Good For Them and For You!

Good For Them And For You!

What is your focus in these last few days before Thanksgiving? Have you set the menu for the meal and prepared your grocery list? Are your thoughts dominated by arrangements you need to make for guests, or perhaps the calorie overload that comes with the traditional feast?

Or perhaps you are one who thinks of where you will settle for your post-turkey nap?

All of these demands on your attention are significantly contributing to your stress level. This hinders your digestion, affects your heart and lung function, and makes you susceptible to viral illness.

How Can You Turn It Around?

There is a fairly simple practice that can improve your health, your relationships, your emotions, and your career … all in only 5 minutes a day. Are you curious?

It’s the simple practice of expressing gratitude. It is good for them and for you!

I’m sure that as a child, your parents taught you to say “thank you.” Have you continued to say it to those around you? If not, it’s a practice you could consider bringing back to your life.

Beyond expressing your gratitude to others personally, I recommend that you dust off a journal or notebook and set It beside your bed. Before turning off the light each night, or first thing in the morning, write down 2-3 things for which you are grateful.

It can be related to events of the day, work, memories of past events, observations, or relationships.

Many Beneficial Effects

Such a simple practice can help to improve your sleep, reduce your pain level, reduce your stress, and increase your energy to name but a few of the health benefits.

In the area of emotions and personality, studies have shown that a gratitude practice increases your optimism and self-esteem.
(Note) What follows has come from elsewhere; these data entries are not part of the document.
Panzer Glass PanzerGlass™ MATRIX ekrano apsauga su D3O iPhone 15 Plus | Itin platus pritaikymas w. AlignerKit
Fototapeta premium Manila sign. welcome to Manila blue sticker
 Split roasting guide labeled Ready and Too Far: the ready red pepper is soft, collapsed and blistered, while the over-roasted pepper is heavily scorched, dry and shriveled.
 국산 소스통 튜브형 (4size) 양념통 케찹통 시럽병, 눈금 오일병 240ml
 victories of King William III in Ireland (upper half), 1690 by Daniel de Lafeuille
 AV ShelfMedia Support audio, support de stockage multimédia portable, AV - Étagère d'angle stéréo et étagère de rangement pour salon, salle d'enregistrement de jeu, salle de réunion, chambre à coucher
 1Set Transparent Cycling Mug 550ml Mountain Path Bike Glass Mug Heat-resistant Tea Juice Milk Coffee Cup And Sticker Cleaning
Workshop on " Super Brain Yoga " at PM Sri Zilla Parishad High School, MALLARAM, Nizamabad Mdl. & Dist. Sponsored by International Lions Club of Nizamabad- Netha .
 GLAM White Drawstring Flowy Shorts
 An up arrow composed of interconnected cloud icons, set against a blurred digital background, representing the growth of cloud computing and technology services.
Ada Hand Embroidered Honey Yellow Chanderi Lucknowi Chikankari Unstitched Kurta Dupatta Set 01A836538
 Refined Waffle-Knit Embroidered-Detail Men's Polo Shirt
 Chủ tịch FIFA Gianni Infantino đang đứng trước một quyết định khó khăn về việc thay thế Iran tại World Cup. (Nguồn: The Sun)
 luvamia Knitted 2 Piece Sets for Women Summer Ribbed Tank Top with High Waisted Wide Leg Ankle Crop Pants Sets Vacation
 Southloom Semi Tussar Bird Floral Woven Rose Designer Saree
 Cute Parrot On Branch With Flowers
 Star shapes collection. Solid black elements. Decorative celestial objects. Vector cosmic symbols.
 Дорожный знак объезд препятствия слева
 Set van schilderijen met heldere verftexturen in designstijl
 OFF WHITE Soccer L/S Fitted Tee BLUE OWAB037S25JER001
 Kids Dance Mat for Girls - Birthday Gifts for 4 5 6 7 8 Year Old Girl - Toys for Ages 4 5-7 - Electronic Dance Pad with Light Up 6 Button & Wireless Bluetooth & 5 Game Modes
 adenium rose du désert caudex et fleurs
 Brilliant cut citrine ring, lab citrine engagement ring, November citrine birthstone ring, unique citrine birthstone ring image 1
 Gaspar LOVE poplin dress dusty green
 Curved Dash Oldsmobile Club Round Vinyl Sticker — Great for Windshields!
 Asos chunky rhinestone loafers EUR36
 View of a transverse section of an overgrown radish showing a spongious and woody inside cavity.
It can also make you more relaxed and resilient as it shifts your memories into a happier perspective.

You might be surprised to learn how a gratitude practice can benefit your career. Focusing grateful thoughts on your work can increase your productivity and improve your decision making. If you regularly network with other professionals, incorporating more gratitude can increase the number of goals you achieve.

I’m sure you won’t be surprised to hear that the social benefits of expressing gratitude include more friendships, deeper relationships, and a greater impression of kindness. Well worth the effort, don’t you think?

But There’s More

Expressing gratitude can go further than simply saying “thank you.” Express that gratitude in the presence of others and let the person you are thanking know what it meant to you. In this way, you also build them up in the eyes of others.

In these days of email and text, writing a personal note to someone can mean a great deal. Or you can live your gratitude by blessing people you don’t know personally, via random acts of kindness. Any small act of kindness will make someone’s day, whether they are a stranger or family member.

In addition to your efforts to set a bountiful table this Thanksgiving, I would encourage you to incorporate expressions of gratitude among family and friends gathered. Perhaps even encourage the practice to extend beyond the month of November. Why limit the benefits to just a part of the year?

I, for one, am very thankful for all of you who read my articles on a regular basis. I trust that what you read helps you to pursue wellness in your life and the lives of those close to you.

Be blessed this Thanksgiving and through the end of the year!